**Task item**
From the line that contains "Fox Men Women" down to the final line below, please repeat each line exactly and nothing more, with no pictures.

──────

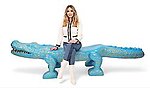 Carved Gator Alligator Crocodile Bench Chair Statue Huge Turquoise and Gold Mayan 9FT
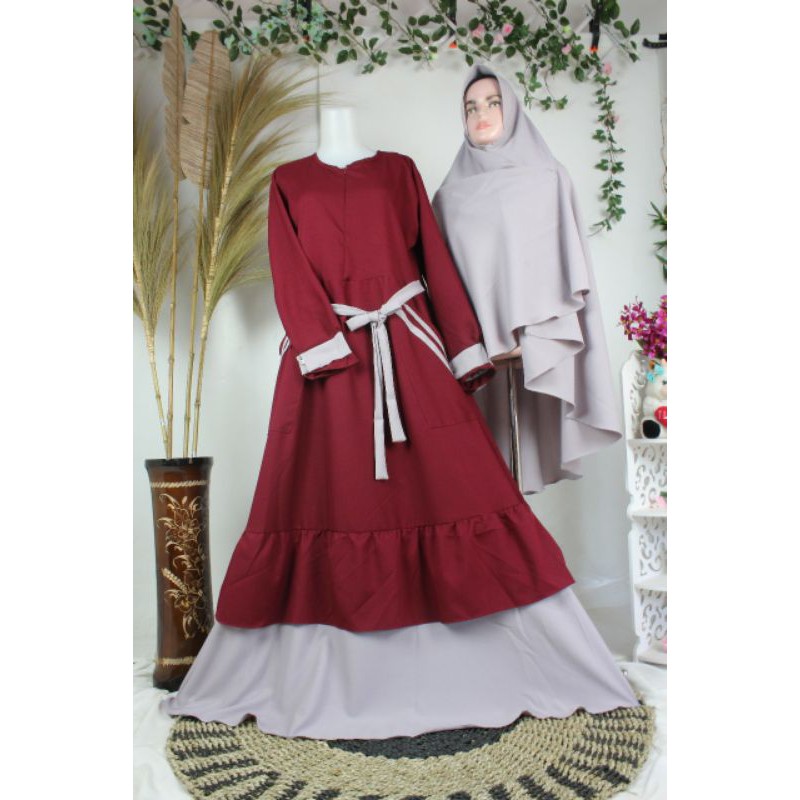 Gamis set syari set khimar itycrepe terbaru 2020 ribela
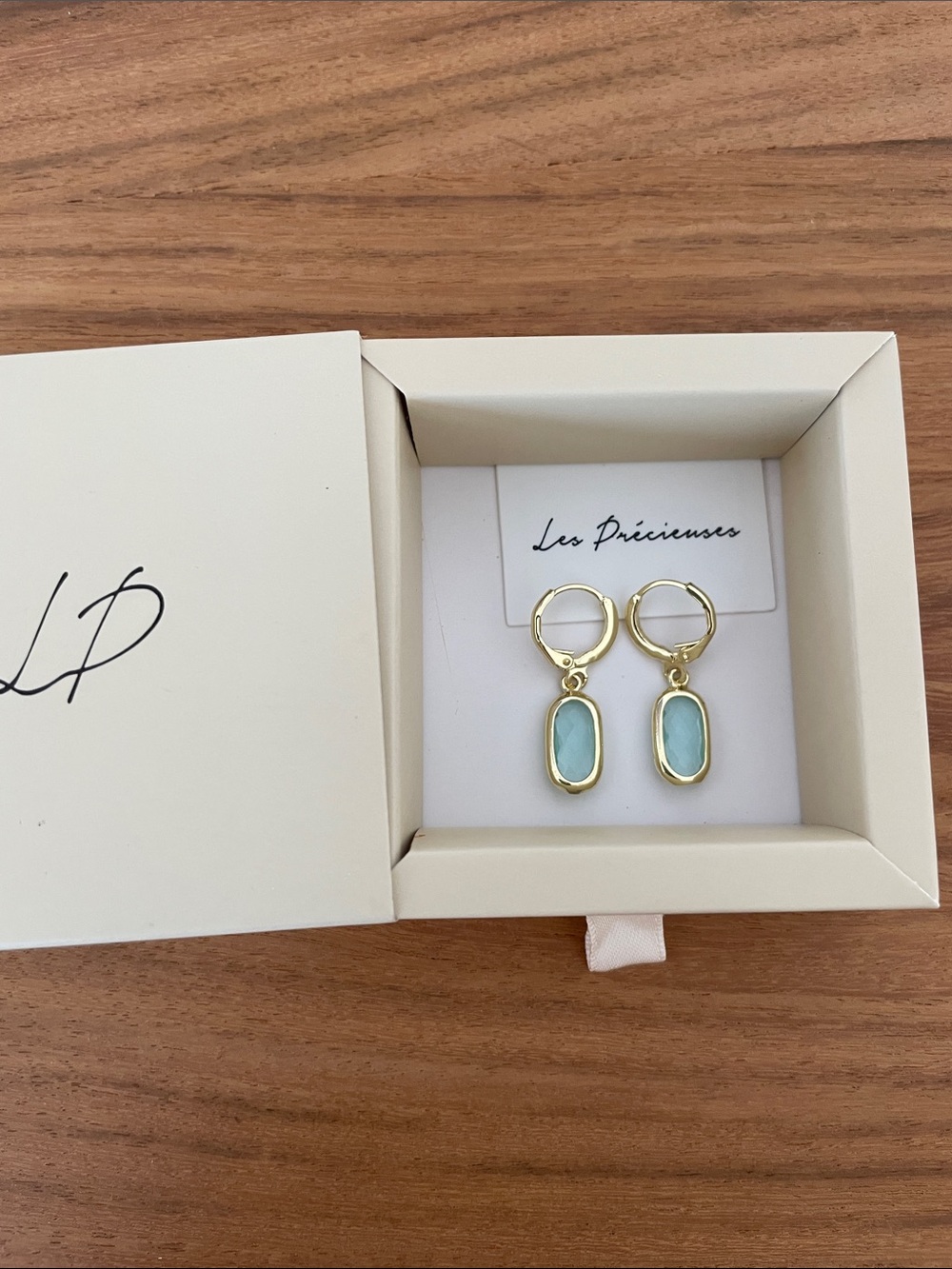 Gold Hoop Earrings with Light Aqua Blue Drops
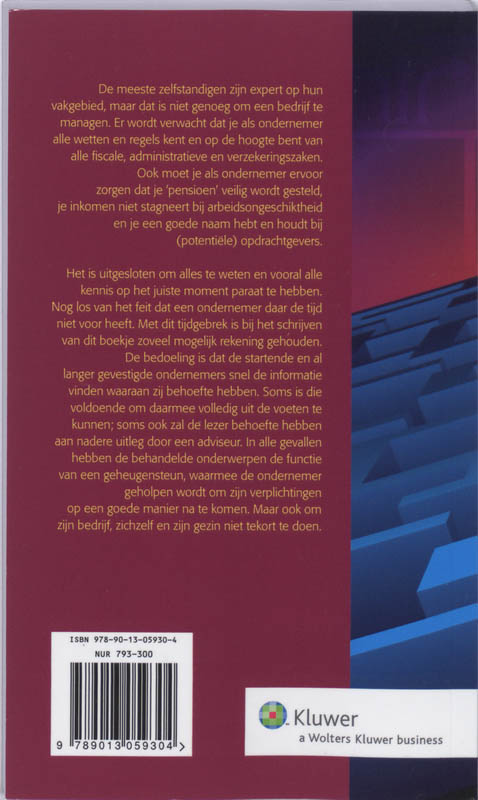 Achterkant van Werken voor jezelf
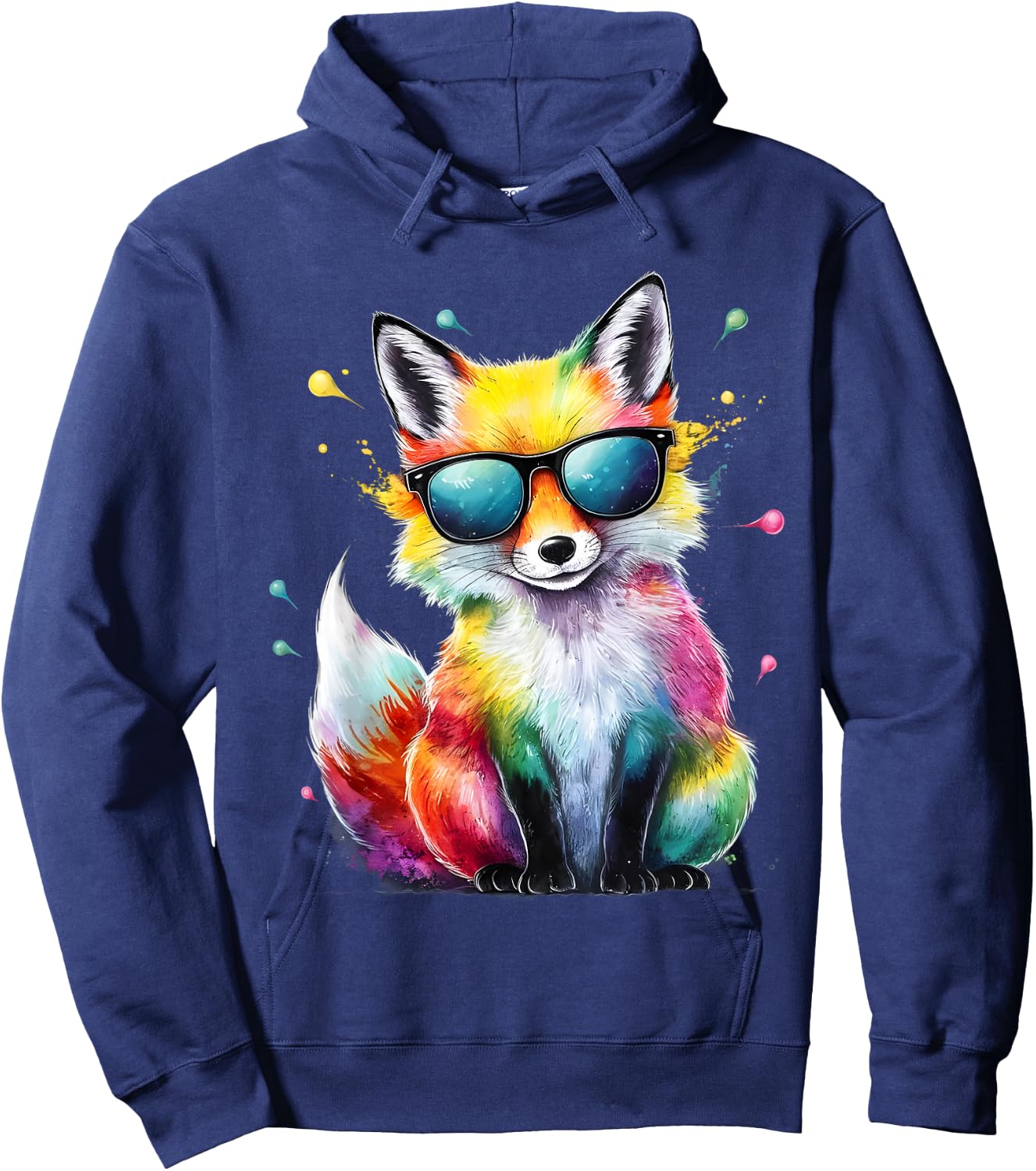 Fox Men Women Colorful Watercolor Fox Hoodie - Hoodie | Navy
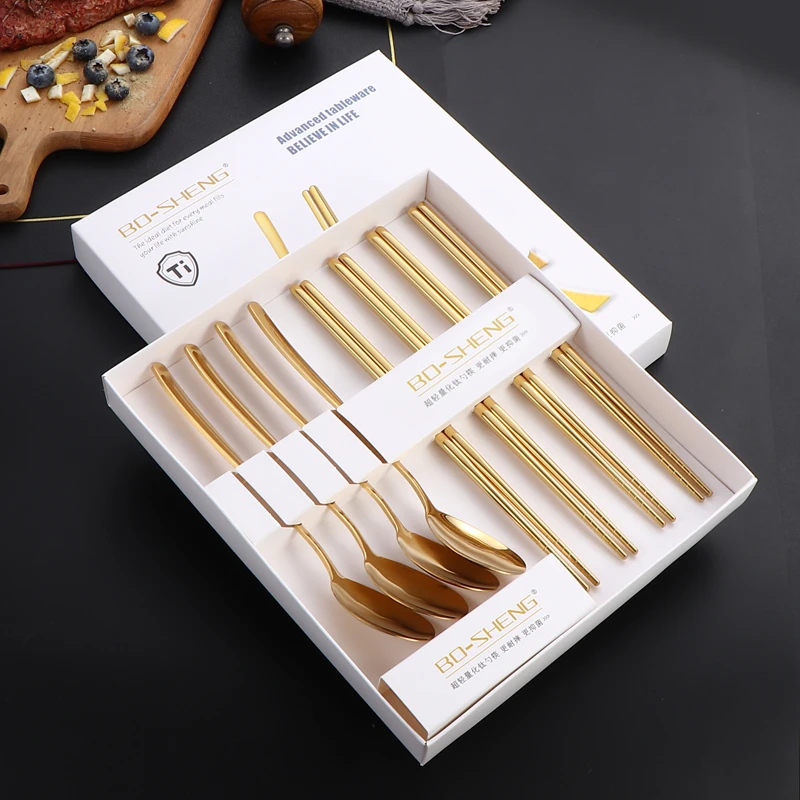 轻奢钛合金筷子勺子套装家用高档餐具公司送礼高端餐具礼盒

──────

**Reply to the exercise**
 Fox Men Women Colorful Watercolor Fox Hoodie - Hoodie | Navy
 轻奢钛合金筷子勺子套装家用高档餐具公司送礼高端餐具礼盒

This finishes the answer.